Chapter 97

Thursday, May 1st-8:13 p.m.

In the audience, Annabelle Strauss climbed wildly onto her seat and stood up. “Help me!” she shrieked as she waved her arms above her head. Beside her, the mayor attempted to calm her but she reacted as if he were a stranger instead of her husband.

Gerta Osborne, the elderly opera singer sitting on the other side of the aisle, stared up at the concert hall’s domed ceiling, pointing to something or someone only she could see and screaming that it was coming “too fast…too fast…too fast.”

Stan Miller stumbled through the row of other audience members, tripping on their legs as if he were blind. They cried out-fended him off-but couldn’t stop him; he was desperate to get away from whatever was chasing him, even if it was only in his imagination.

On the stage, the conductor rolled on the floor, reaching out into the air where there was nothing to hold on to.

The principal violinist used his instrument to swat at his own arms, chest and face as if he were being eaten alive by a swarm of insects.

The female harpist, head in her hands, heaved with deep, wrenching sobs.

Erika Alderman was riveted to her seat, watching the audience members disassembling around her. She knew exactly what was happening. She was close enough to the stage to see her fellow Society member. Sebastian was playing the memory flute, and its tones were sending most of the audience into paroxysms of painful memories. She turned to tell Fremont, to share the amazing news that her hypothesis about binaural beats was being demonstrated all around them, but he wasn’t in his seat anymore. In the confusion, she hadn’t even noticed he’d gotten up. Where could he have gone? Had he been affected? She should go look for him but didn’t want to leave the performance and miss witnessing any of the living proof that was establishing her theory.

Another audience member observed the melee, also immune to the music. Malachai Samuels’ mind flooded with astonishment. Why did Sebastian have the flute?
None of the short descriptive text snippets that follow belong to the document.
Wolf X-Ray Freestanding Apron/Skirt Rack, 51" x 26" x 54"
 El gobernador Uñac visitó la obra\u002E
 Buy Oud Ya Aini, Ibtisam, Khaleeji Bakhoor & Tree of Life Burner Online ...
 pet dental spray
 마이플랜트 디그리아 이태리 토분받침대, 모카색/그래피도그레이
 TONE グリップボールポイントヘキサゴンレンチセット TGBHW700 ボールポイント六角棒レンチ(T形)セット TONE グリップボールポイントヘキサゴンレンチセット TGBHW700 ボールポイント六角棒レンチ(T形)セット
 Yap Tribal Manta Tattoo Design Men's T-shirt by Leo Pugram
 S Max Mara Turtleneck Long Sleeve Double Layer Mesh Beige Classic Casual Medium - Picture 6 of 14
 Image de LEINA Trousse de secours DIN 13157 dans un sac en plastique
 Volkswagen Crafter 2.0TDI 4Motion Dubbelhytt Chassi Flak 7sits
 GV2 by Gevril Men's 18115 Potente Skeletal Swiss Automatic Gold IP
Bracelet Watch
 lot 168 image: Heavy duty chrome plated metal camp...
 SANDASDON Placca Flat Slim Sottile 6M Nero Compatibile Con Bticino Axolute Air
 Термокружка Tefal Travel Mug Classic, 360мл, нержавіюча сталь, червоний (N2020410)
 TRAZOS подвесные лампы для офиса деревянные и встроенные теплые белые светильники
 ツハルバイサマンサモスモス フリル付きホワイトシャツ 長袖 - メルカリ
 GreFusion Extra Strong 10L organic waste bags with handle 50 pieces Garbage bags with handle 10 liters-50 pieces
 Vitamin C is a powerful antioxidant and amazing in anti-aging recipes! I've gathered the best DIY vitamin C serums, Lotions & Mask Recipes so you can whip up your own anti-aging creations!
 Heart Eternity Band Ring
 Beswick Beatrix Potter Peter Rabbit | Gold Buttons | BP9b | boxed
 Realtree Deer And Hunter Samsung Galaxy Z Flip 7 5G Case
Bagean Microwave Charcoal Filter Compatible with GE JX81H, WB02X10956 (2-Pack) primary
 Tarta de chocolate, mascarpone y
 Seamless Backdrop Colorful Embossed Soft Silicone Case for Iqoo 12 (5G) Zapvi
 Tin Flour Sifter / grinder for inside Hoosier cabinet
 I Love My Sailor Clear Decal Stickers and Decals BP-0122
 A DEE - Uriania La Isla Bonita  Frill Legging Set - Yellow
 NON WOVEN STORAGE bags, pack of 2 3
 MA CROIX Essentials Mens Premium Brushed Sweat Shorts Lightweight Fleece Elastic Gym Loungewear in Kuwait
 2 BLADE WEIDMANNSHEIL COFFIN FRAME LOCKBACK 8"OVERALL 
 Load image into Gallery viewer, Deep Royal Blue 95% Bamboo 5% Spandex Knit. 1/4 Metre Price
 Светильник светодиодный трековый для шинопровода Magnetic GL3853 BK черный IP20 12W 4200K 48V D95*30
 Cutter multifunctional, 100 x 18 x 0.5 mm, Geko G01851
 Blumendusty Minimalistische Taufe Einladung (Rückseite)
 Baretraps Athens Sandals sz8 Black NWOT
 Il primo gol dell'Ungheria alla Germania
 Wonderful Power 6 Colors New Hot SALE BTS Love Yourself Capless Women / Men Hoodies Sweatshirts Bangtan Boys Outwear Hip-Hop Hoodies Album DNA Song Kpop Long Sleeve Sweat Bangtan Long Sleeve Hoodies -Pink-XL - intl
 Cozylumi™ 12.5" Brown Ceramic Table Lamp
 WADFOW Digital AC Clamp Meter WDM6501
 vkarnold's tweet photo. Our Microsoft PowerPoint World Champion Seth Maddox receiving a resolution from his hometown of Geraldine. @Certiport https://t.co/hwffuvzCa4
How had he learned the music? Had Meer figured it out? And more important, why was he doing this? Amazed by what was occurring, he studied people in the audience as they moved from the present to the past, unprepared for their journeys or their destinations. Finally, he stood. Whatever else happened, he had to be there when Sebastian finished his song, to get the flute.

As he worked his way to the front of the auditorium he saw Meer trying to do the same an aisle away. The two of them were the only ones not moving en masse toward the exit.

Meer didn’t even notice the people in her way; it was the onslaught of her own devastating memories that was making it so hard for her to move faster. Trying desperately to hold on to the present, she felt the last vestiges of it dissolve around her, melting in the sounds Sebastian blew through the flute.

Margaux forbade her hand to shake as she kept the pistol pointed at Archer.

Unafraid of her, so sure that she wouldn’t have the nerve to use the gun, he ignored her and nudged his horse closer and closer until he was near enough to reach out for the straps holding the gaming box to her saddle.

“No!” she cried out, pulling on the reins and backing her horse away.

“You stupid fool. Don’t you understand what a mess you’ve made? A mess I have to clean up. I know the box has clues in it. Give it to me and I’ll still pay you what I promised. If you don’t, I won’t hesitate to use this.” He brandished his pistol. “How’s that for incentive?”

In the hall, Malachai felt panic escalating around him. Fear, hysteria and hallucinations immobilized everyone, making it impossible for them to perform simple equations. Stay? Go? Run? Where? Drop to the ground? Go forward? Even those, like him, who weren’t affected, weren’t sure what to do; the terror was too pervasive. As he kept moving steadily forward through the chaos, he saw the wild fear in people’s eyes and heard their unholy cries as the song played on. But absolutely nothing happened to him.

The surging crowd pulled Meer back to the present again. She was caught up in the maelstrom of people shoving each other as they tried to escape, not understanding what she understood: that as long as they could hear the music, the pain and the memories would continue to bombard them, that even out in the lobby the assault would persist. Each brittle high note after another propelled them all deeper and deeper into netherworlds where the light was hundreds or thousands of years old.